On the issue of authority of a spouse, the Government further points out that a marital relationship can raise a presumption regarding the mutual control and access over the marital residence and its contents. Indeed, the authority of the spouse to consent to a search of the marital residence and all of its areas exists even when the couple are estranged. (Docket 44 at 16, 17). For example, United States v. Rith, 164 F.3d 1323, 1330 (10th Cir. 1999), observed that certain relationships, such as that of husband and wife as opposed to one of mere co-tenants "raises a presumption about the parties' reasonable expectations of privacy in relation to each other in spaces typically perceived as private in a co-tenant relationship." Rith involved the search of an adult son's room. The Court observed that there was no agreement between the adult son and his parents providing that the parents could not enter his room without consent. Id. at 1331. The Court in Rith further commented that "if a relationship creates such a presumption of control and is unrebutted, [the spouse] has authority to consent to a search." 164 F.3d at 1330.

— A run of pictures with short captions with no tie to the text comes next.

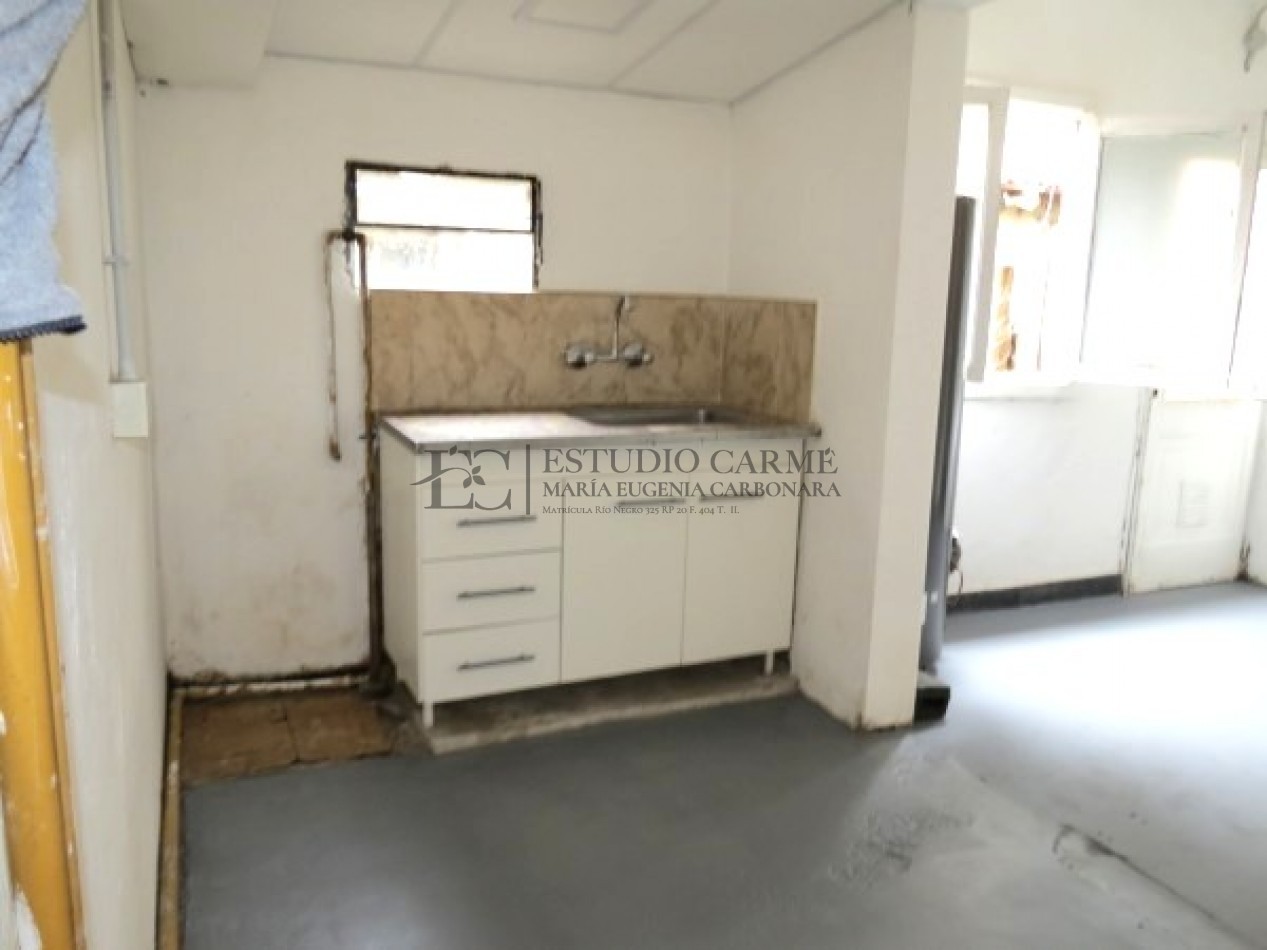 Amplio local comercial con potencial en el centro comercial de Bariloche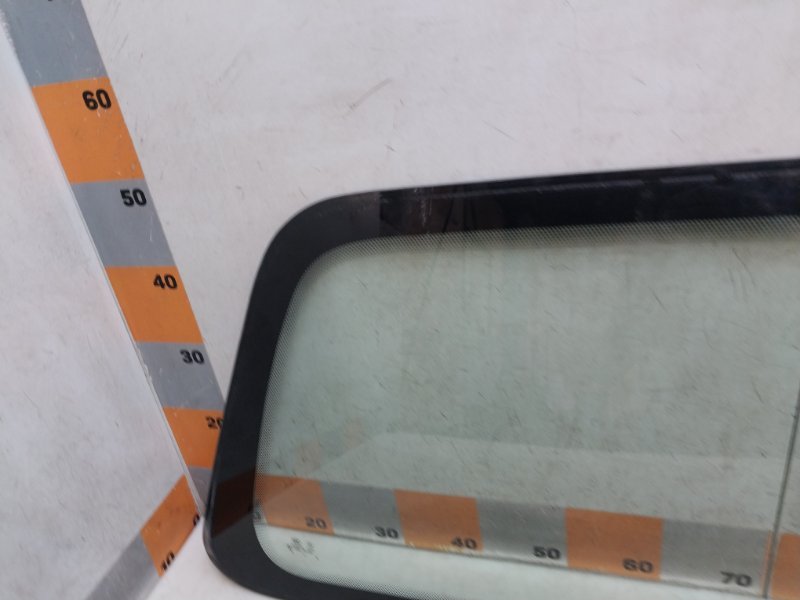 Стекло кузовное глухое левое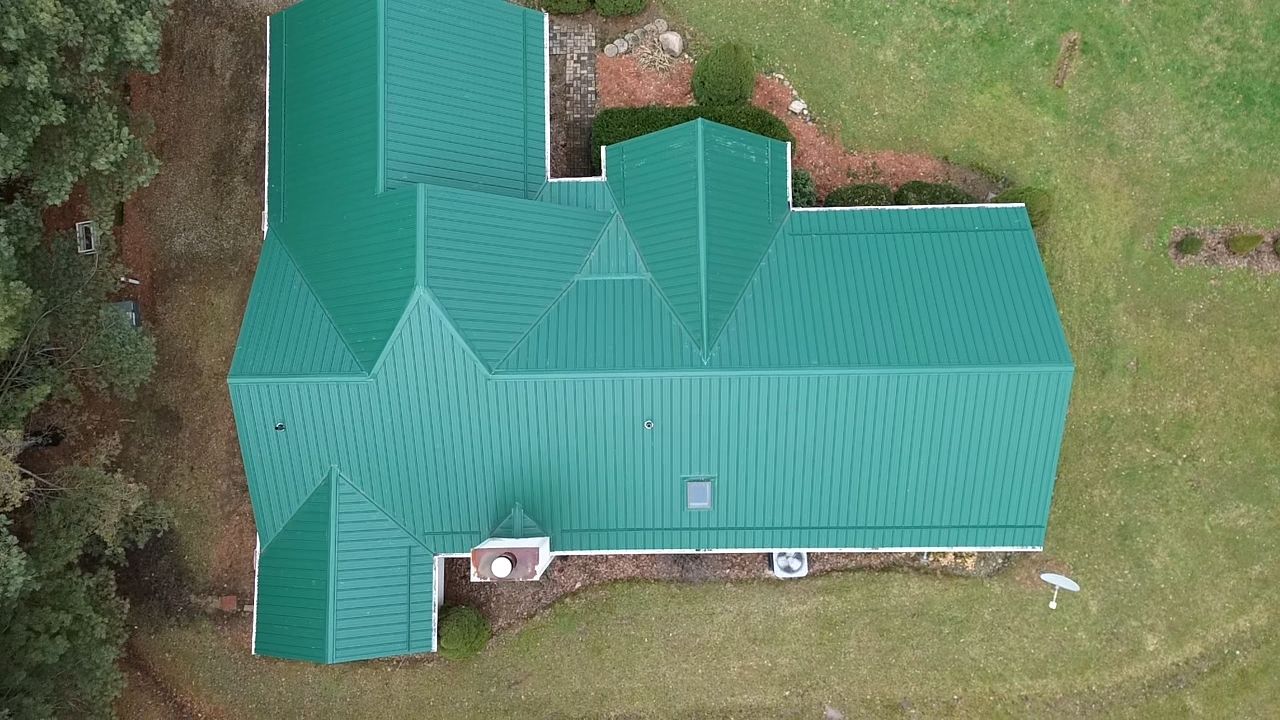 Alpha Rib, Color: Forest Green by Eagle Eye Roofing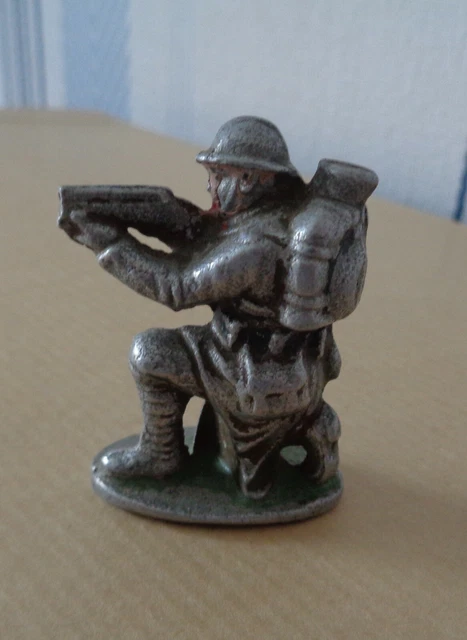 BONUX - 5 FIGURINES SOLDATS EN PLASTIQUE - INFANTERIE -JOUET ANCIEN-WW2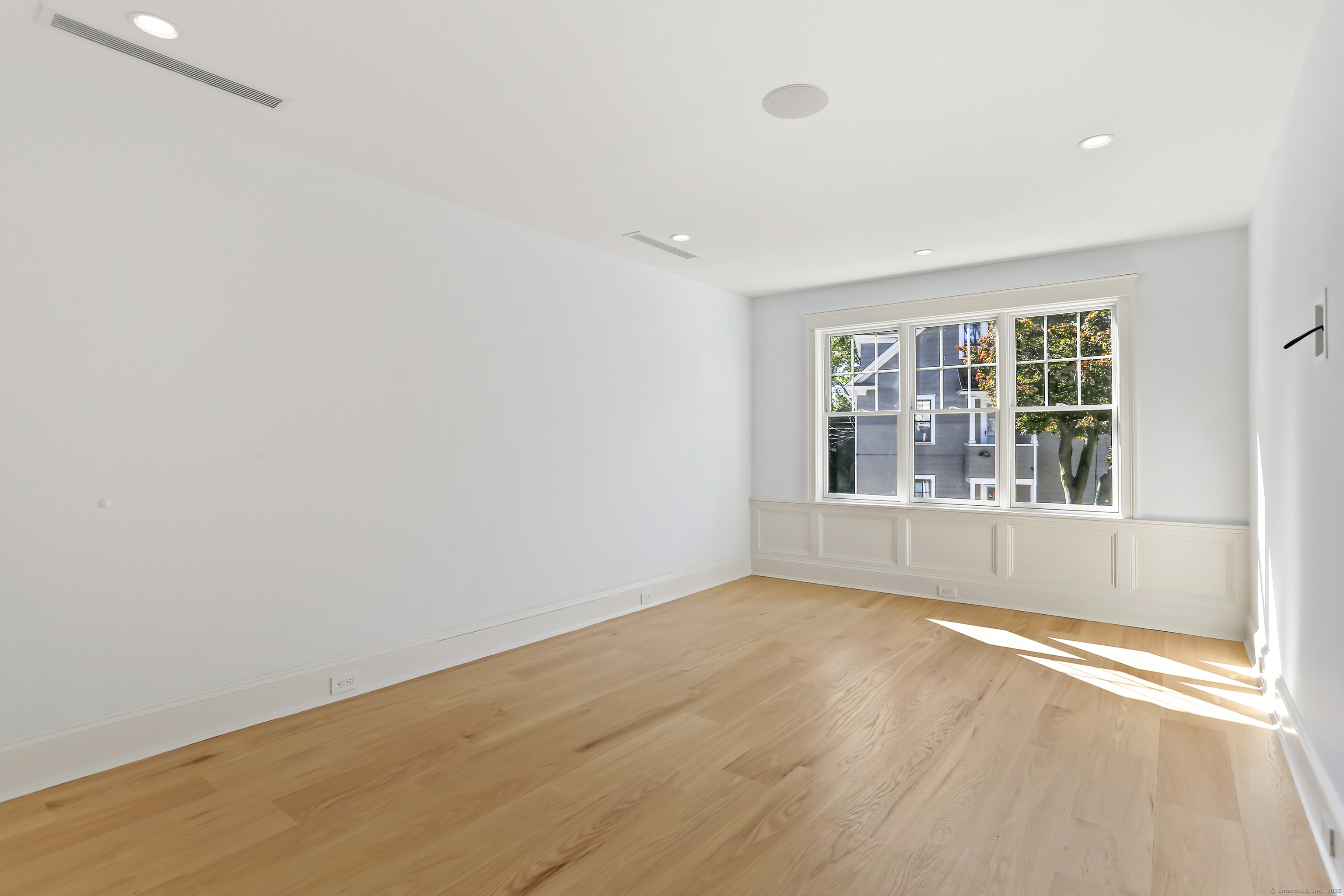 328 Brewster Street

Here, there simply was no credible evidence put on by Defendant to establish exclusion of Ms. Ocampo from the locked safes, by agreement or otherwise, and the Court declines to find such exclusion. The evidence does establish the location of the locked safes being under a common area, the linen closet with no doors. (Tr. 9/22/15 at 26, 43, 44-46; Tr. 10/1/15 at 18-19, 45-46, Ex. A). Moreover, the evidence established that the keys to the safes were out in the open in another common area, the living room. (Tr. 10/1/15 at 27, 55, 63, 83). Given the locale of each, and ready access thereto, the Court determines that Ms. Ocampo had access to and common authority over the searched safes. Thus, this Court holds that both the items searched and the means to search them, the keys, were within Ms. Ocampo's access, authority and control.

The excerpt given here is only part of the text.